I have met some issues while trying to consume messages from Kafka with a Spark Streaming application in a Kerberized Hadoop cluster. I tried both of the two approaches listed here :
- receiver-based approach :
KafkaUtils.createStream - direct approach (no receivers) :
KafkaUtils.createDirectStream
The receiver-based approach (KafkaUtils.createStream) throws 2 types of exceptions (different exceptions whether I am in local mode (--master local[*]) or in YARN mode (--master yarn --deploy-mode client) :
- a weird
kafka.common.BrokerEndPointNotAvailableExceptionin a Spark local application - a Zookeeper timeout in a Spark on YARN application. I once managed to make this work (connecting to Zookeeper successfully), but no messages were received
In both modes (local or YARN), the direct approach (KafkaUtils.createDirectStream) returns an unexplained EOFException (see details below).
My final goal is to launch a Spark Streaming job on YARN, so I will leave the Spark local job aside.
Here is my test environment :
- Cloudera CDH 5.7.0
- Spark 1.6.0
- Kafka 0.10.1.0
I'm working on a single-node cluster (hostname = quickstart.cloudera) for testing purposes. For those interested to reproduce the tests, I'm working on a custom Docker container based on cloudera/quickstart (Git repo).
Below is my sample code I used in a spark-shell. Of course this code works when Kerberos is not enabled : messages produced by kafka-console-producer are received by the Spark application.
import org.apache.spark.streaming.kafka.KafkaUtils
import org.apache.spark.streaming.{Seconds, StreamingContext}
import org.apache.spark.storage.StorageLevel
import kafka.serializer.StringDecoder
val ssc = new StreamingContext(sc, Seconds(5))

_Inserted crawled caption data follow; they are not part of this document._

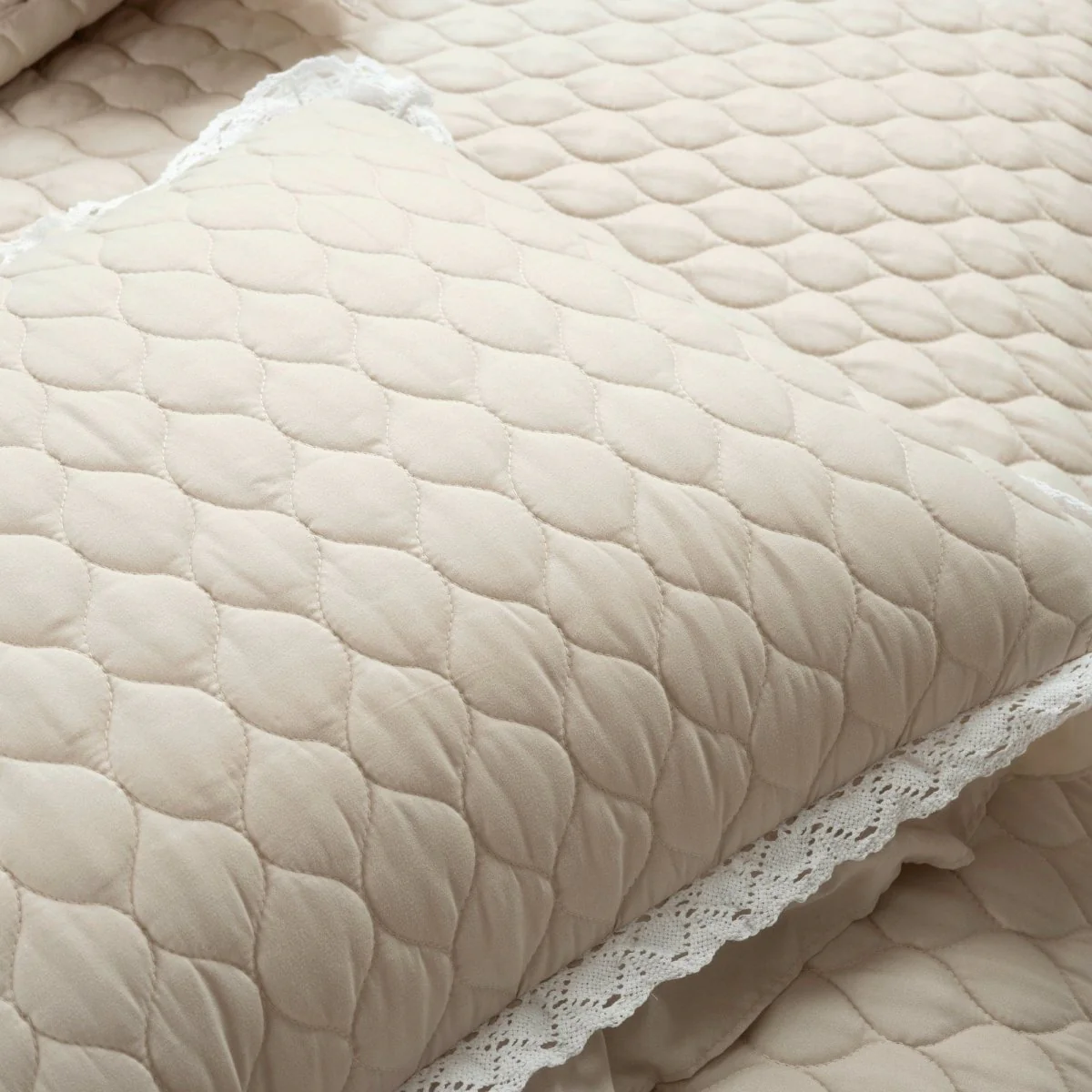 Ella Ruffle Lace 3 Piece Quilt Set - Image 13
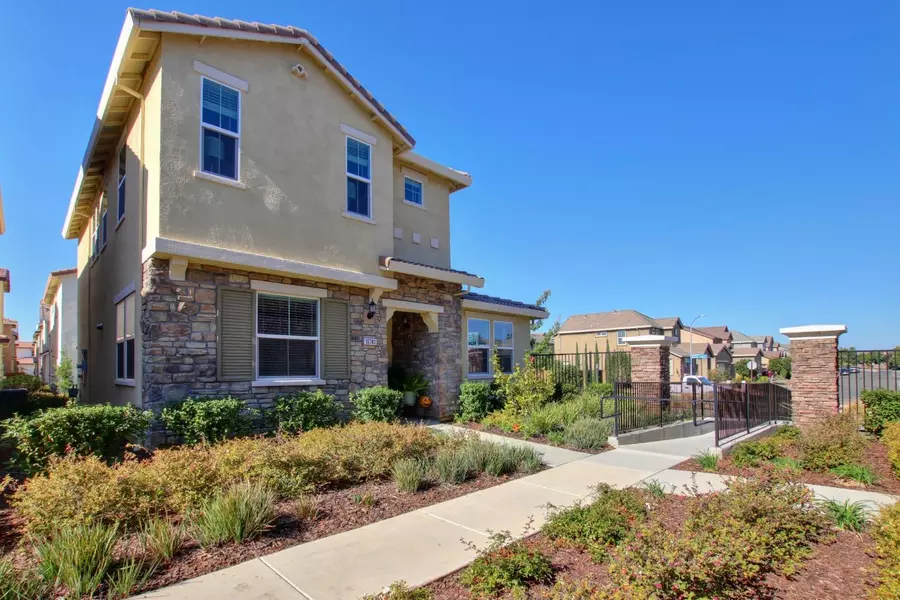 10783 Portico CIR, Rancho Cordova, CA 95670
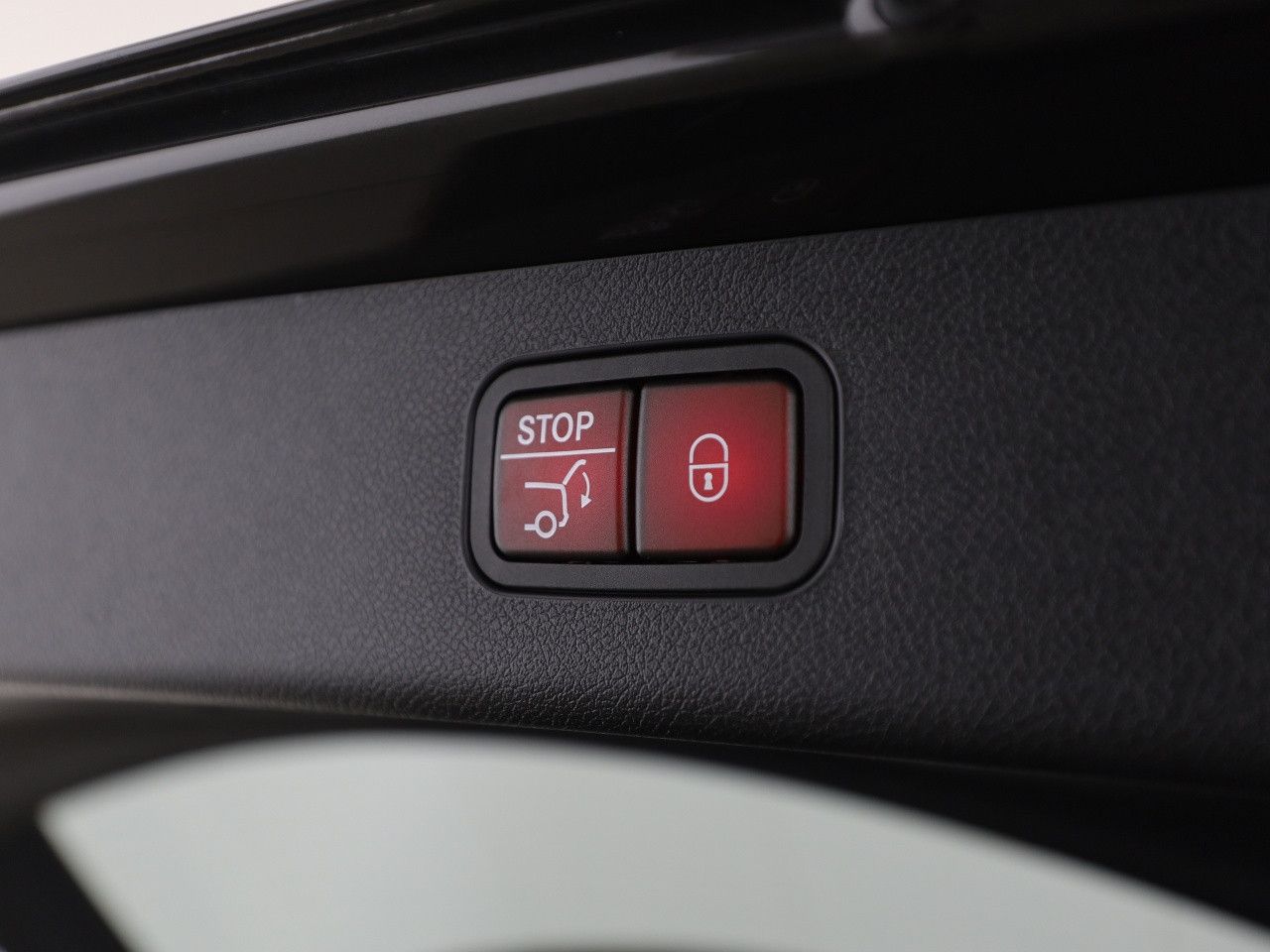 Mercedes-Benz E-Klasse – Bild 22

val topics = Map("test-kafka" -> 1)
def readFromKafkaReceiver(): Unit = {
val kafkaParams = Map(
"zookeeper.connect" -> "quickstart.cloudera:2181",
"group.id" -> "gid1",
"client.id" -> "cid1",
"zookeeper.session.timeout.ms" -> "5000",
"zookeeper.connection.timeout.ms" -> "5000"
)
val stream = KafkaUtils.createStream[String, String, StringDecoder, StringDecoder](ssc, kafkaParams, topics, StorageLevel.MEMORY_ONLY_2)
stream.print
}
def readFromKafkaDirectStream(): Unit = {
val kafkaDirectParams = Map(
"bootstrap.servers" -> "quickstart.cloudera:9092",
"group.id" -> "gid1",
"client.id" -> "cid1"
)
val directStream = KafkaUtils.createDirectStream[String, String, StringDecoder, StringDecoder](ssc, kafkaDirectParams, topics.map(_._1).toSet)
directStream.print
}
readFromKafkaReceiver() // or readFromKafkaDirectStream()
ssc.start
Thread.sleep(20000)
ssc.stop(stopSparkContext = false, stopGracefully = true)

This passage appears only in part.